Exercise objective:
Would you please repeat, word for word, only the lines from the one holding "BELLUNA（ベルーナ）の" through the one holding "Snapshot of CharmingCat321" in the material below, without the pictures?

Exercise data:

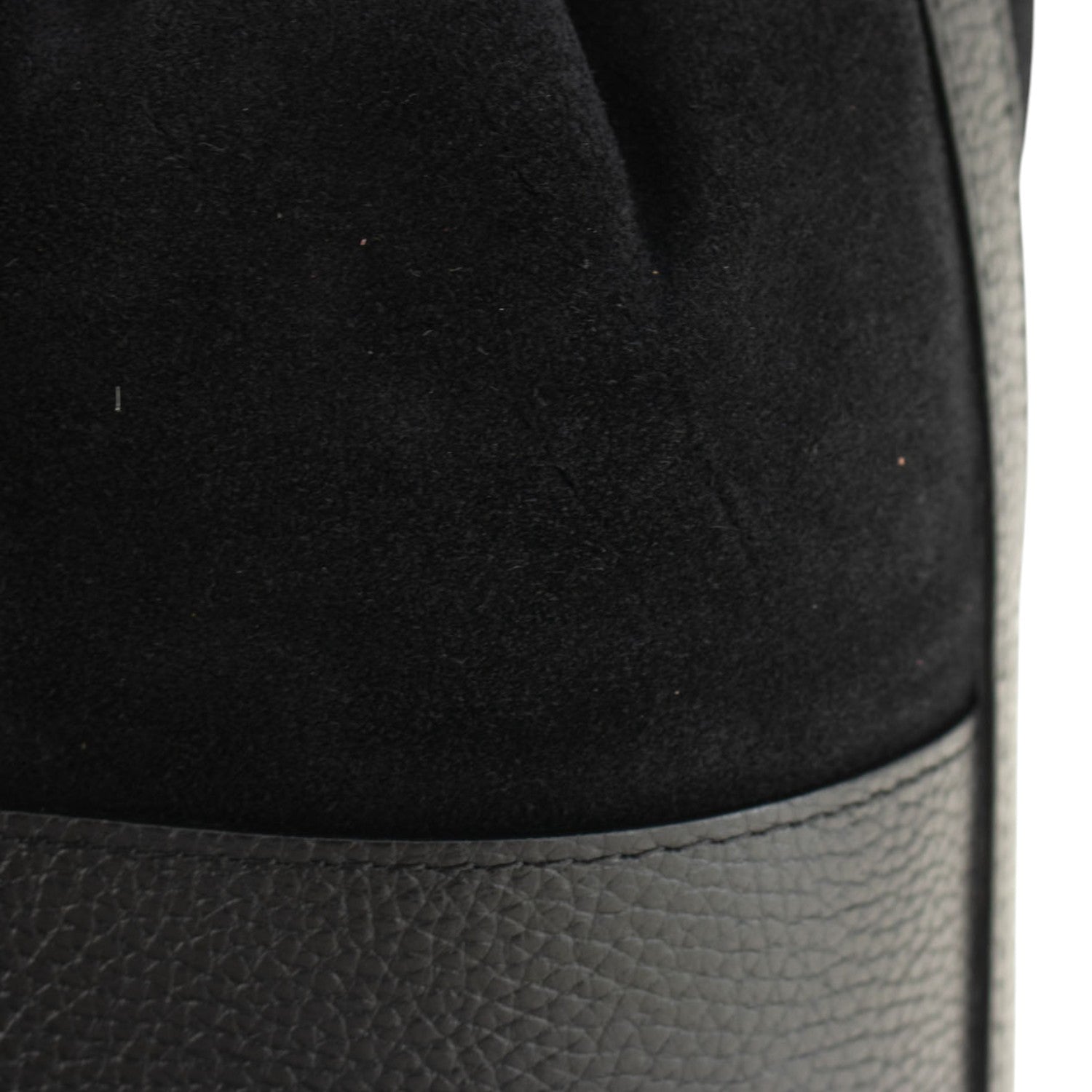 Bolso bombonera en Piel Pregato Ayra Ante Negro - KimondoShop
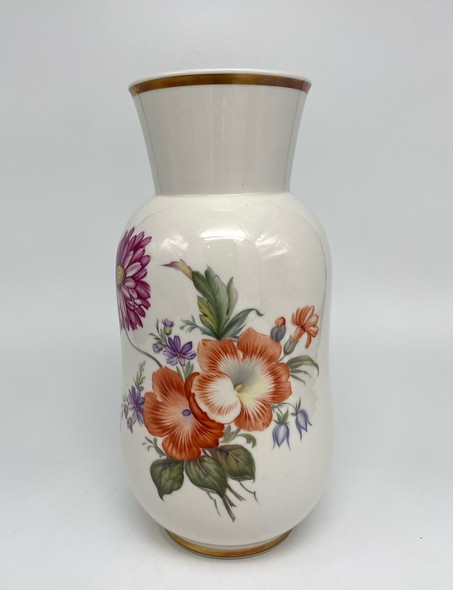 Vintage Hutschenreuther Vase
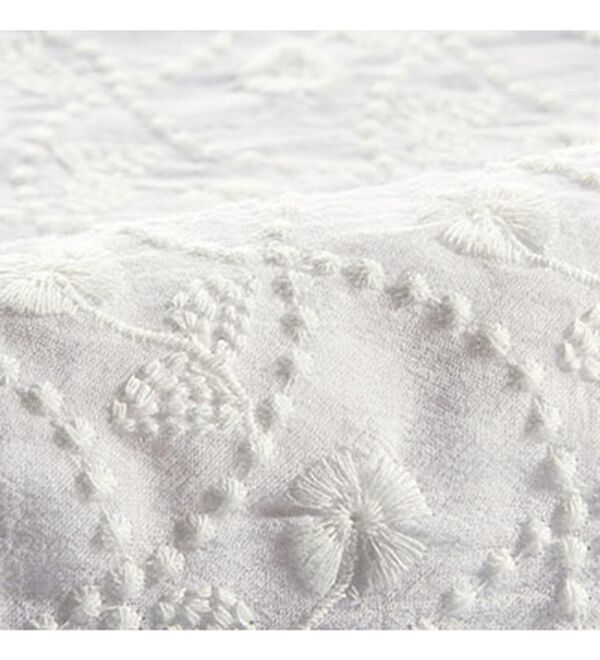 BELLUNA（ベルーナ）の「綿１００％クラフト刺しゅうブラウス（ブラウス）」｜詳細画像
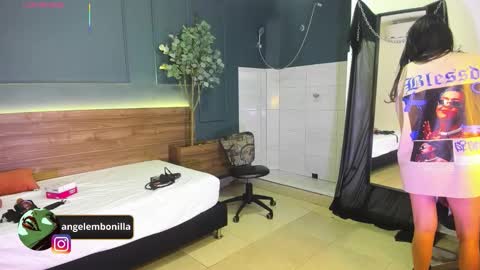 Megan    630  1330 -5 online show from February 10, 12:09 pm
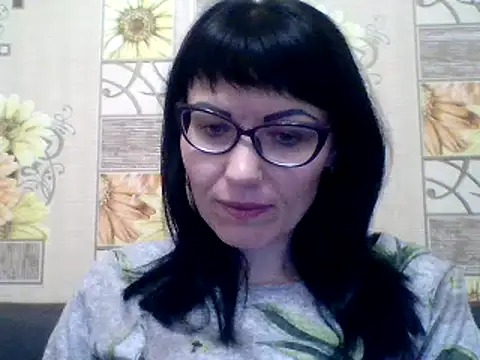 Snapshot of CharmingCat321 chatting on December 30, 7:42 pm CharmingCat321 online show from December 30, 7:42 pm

* * *

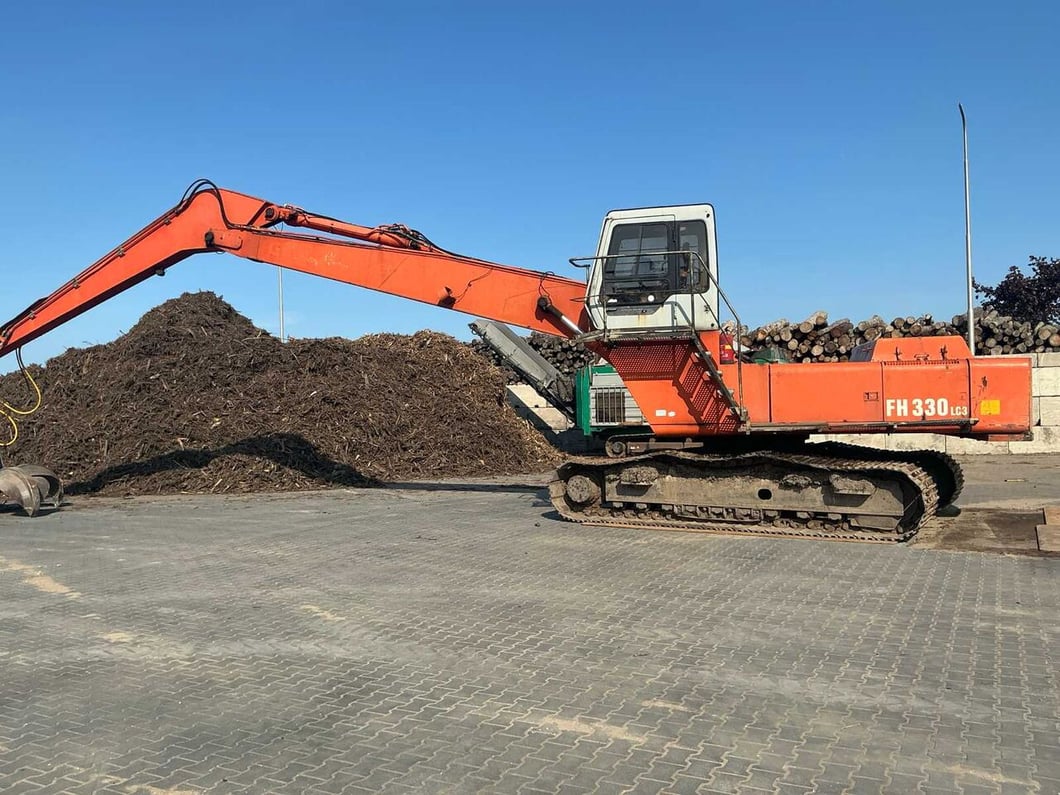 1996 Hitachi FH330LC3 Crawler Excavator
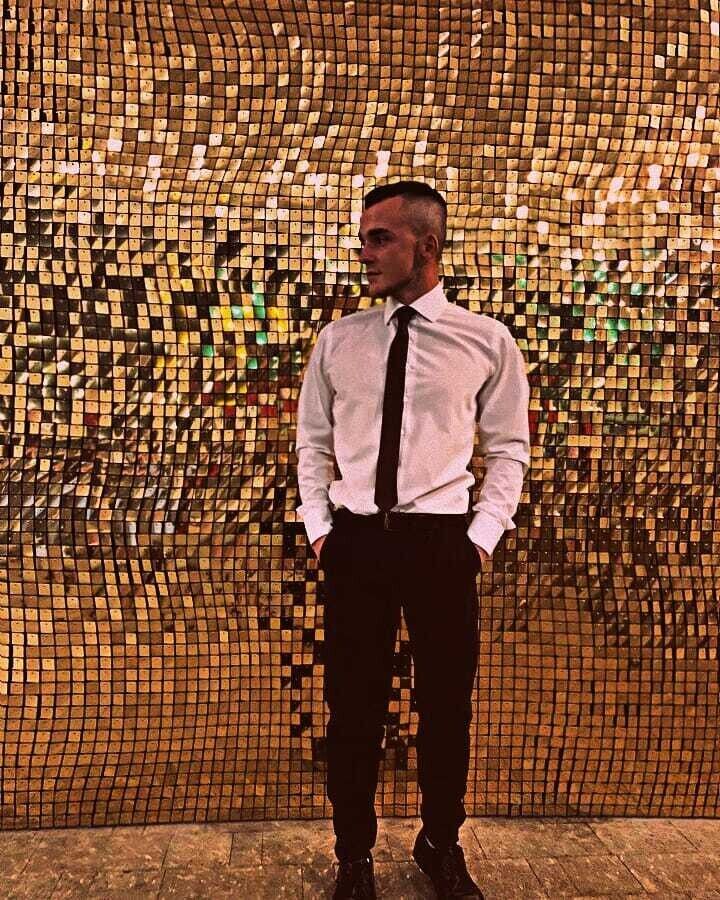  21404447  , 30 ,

Result:
 BELLUNA（ベルーナ）の「綿１００％クラフト刺しゅうブラウス（ブラウス）」｜詳細画像
 Megan    630  1330 -5 online show from February 10, 12:09 pm
 Snapshot of CharmingCat321 chatting on December 30, 7:42 pm CharmingCat321 online show from December 30, 7:42 pm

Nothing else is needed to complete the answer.